NPO法人中小企業家コンソーシアム京都 就労継続支援事業所あむりた 施設長(サービス管理責任者兼任) 白濱 智美さん

◆「あむりた」では、どのような役割・業務を担っておられますか

「あむりた」の管理者として、食堂の運営に関わっています。主な業務内容は各業務の進捗管理や従業者の配置調整、勤怠管理、利用者支援における関係先との連絡調整、食堂の運営維持・食材原価をはじめとする数値管理等といった、マネジメント業務です。

◆「あむりた」のスタッフとして働かれている障害のある方は何人いますか。また、運営にあたり苦労されたことがあれば教えてください

現在、6名の方が働いています。スタッフ配置としては若干少ない人数ですが、お昼時等、食堂が繁忙する時間帯には各自ポジションについて、担当する仕事に全力を注ぎます。

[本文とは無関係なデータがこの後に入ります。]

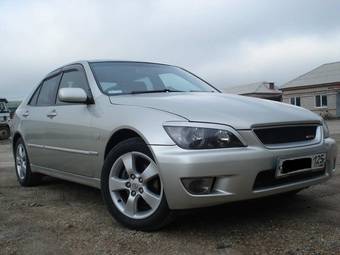 2003 Toyota Altezza Photos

営業時間中のイレギュラー対応やトラブルが起きた時は私も現場のフォローに入ります。
運営の苦労では、過去のコロナ禍がひとつ挙げられます。「緊急事態宣言」が発出された際には大学が閉鎖してしまい、果たして事業として成り立つのか正直不安でした。コロナ禍が終わってようやく運営が安定してきたところで、今度は食材費等の高騰が発生し、各メニューの値上げ等、スタッフの雇用維持と、利益のバランスをいかに成立させることが、今抱えている悩みです。

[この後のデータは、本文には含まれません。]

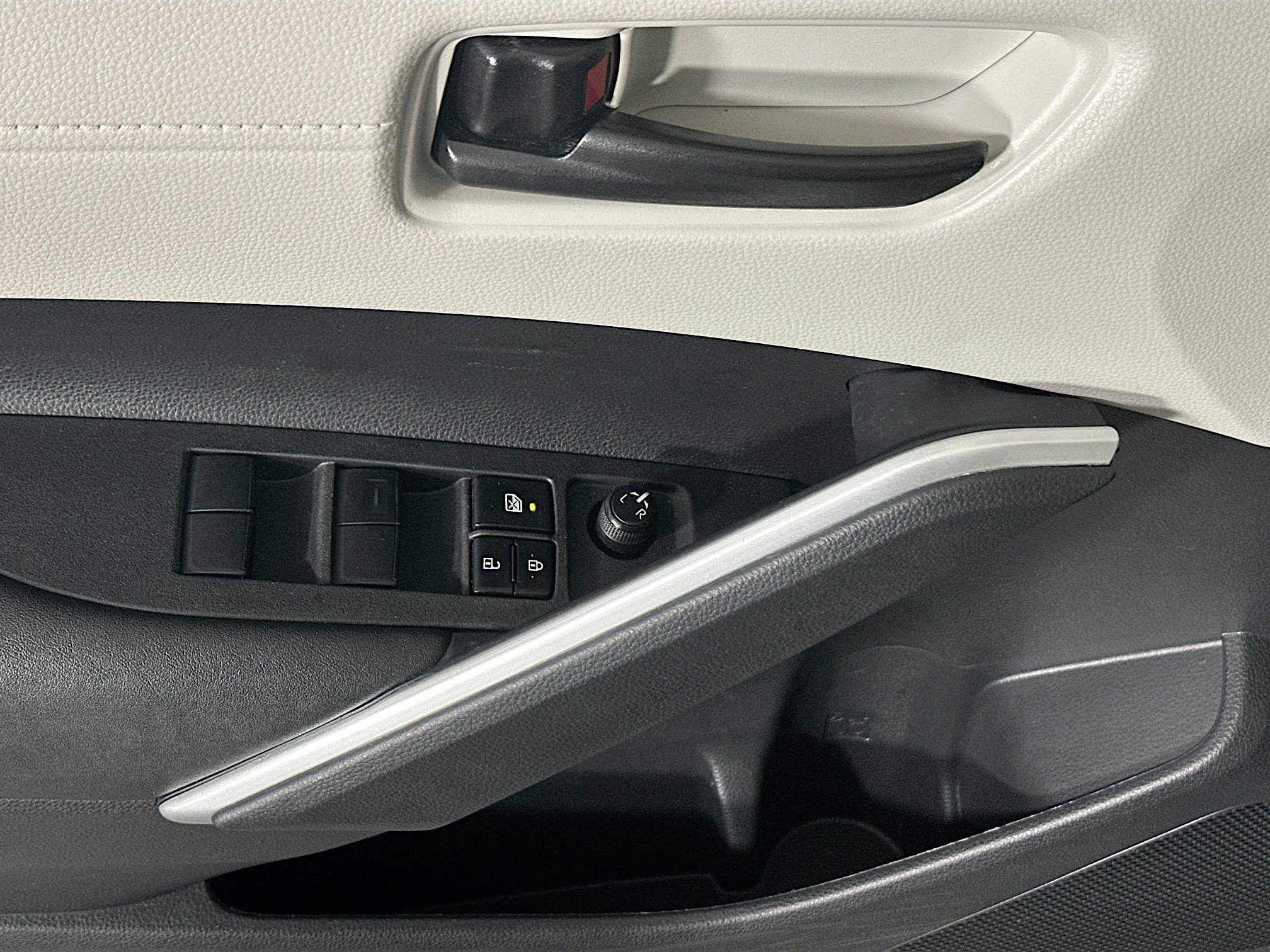 Used 2023 Silver Toyota L image 14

◆現在、一般就労を希望される障害のある方はおられますか?

現在、保育所に雇用前実習に行っている方が一人おられます。きっかけは、保育所の調理補助の募集広告を当施設の担当支援員が見つけ、利用者の方にお伝えしたことでした。保育所長との面接では、調理補助には専門的な知識が求められるため、もしよければ保育士補助の仕事からやってみませんかと提案がありました。利用者の方が当初希望していた調理補助業務とは異なりますが、現在は保育士補助の職員になるため、日々頑張っています。

◆障害のある方の適正や希望に沿った就職ができるためにどのような取組などをされていますか。

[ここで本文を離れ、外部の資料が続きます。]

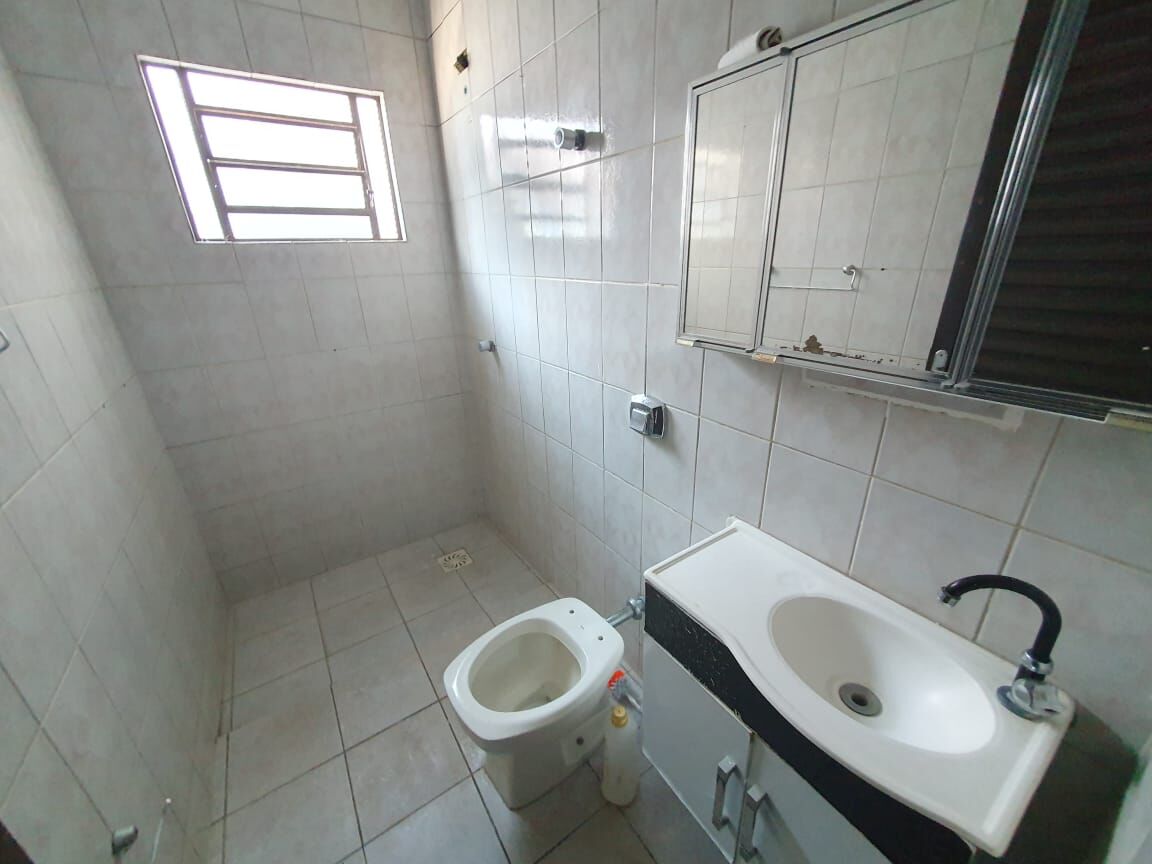 Casa à venda com 3 quartos, 180m² - Foto 9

「あむりた」における利用者の方への就労支援の流れは、食堂内で与えられた業務やコミュニケーションを観ることで、各人の傾向や障害特性を把握しつつ適正な支援を行っています。また、支援と並行して、企業実習や見学などを行っています。
食堂で働いているので飲食業を希望する利用者の方は多いと思われがちですが、農業に挑戦したい方もいれば、花屋さん、保険会社での事務、接客業、薬の販売にかかわるお仕事、福祉分野での支援員など飲食業以外の様々な仕事を希望している方がいます。我々支援員が、それらの企業様と話合い等をして、職場実習から求職活動に入り、トライアル雇用後に内定するという流れになっています。
「あむりた」はA型の事業所なので利用期限がないのですが、利用者のモチベーションの上下には個人差も大きく、それぞれ波があるので、事業所での仕事を通じて就労意欲が高まり、外の世界に気持ちが向き始めた頃合いを見極めて、ご本人の調子が一番乗ってきたところで就職活動を推すようにしています。そうなるまでの期間はA型事業所の利用を始めて数か月の人もいれば数年かかかる人もいますので、ご本人の状況とペースを理解し、焦らず機が熟すのを待ちます。ご本人にその気がないうちは企業就労を強く推し進めることは一旦控え、まずは支援者との関係を築きながらご本人の興味関心を共有する時間ととらえます。事業所での仕事に比重をおき、不安なく安心して打ち込めるよう環境を整えることに注力します。興味が出てきたタイミングで具体的な行動に結び付けていくためには、地域のネットワーク活動に参画したり、関係機関の方との顔の見える関係を保ちながら情報収集を継続的に行うなどして、直接的な支援に結びつけるための下地づくりを丁寧に行います。地道な取り組みですが、これがとても大事だったりします。

◆一般就労を目指す障害のある方に向けてのメッセージ

就労を目指している方や、働きたいと思っているけど様々な事情で働くことに躊躇されている方も、私たちのようなA型事業所も含めた就労支援機関につながっていただき、一般就労のお手伝いさせていただけたらと思っています。店名の由来であるアムリタには、サンスクリット語で苦悩を癒し、生命力がみなぎるという意味があります。この意味のように、いろんな障害特性を持たれている方たちと共に、生きる意味合いを一緒に見つけ「誰かの役に立てる自分でありたい」という気持ちへ結びつけていけたら嬉しいと、私は思っています。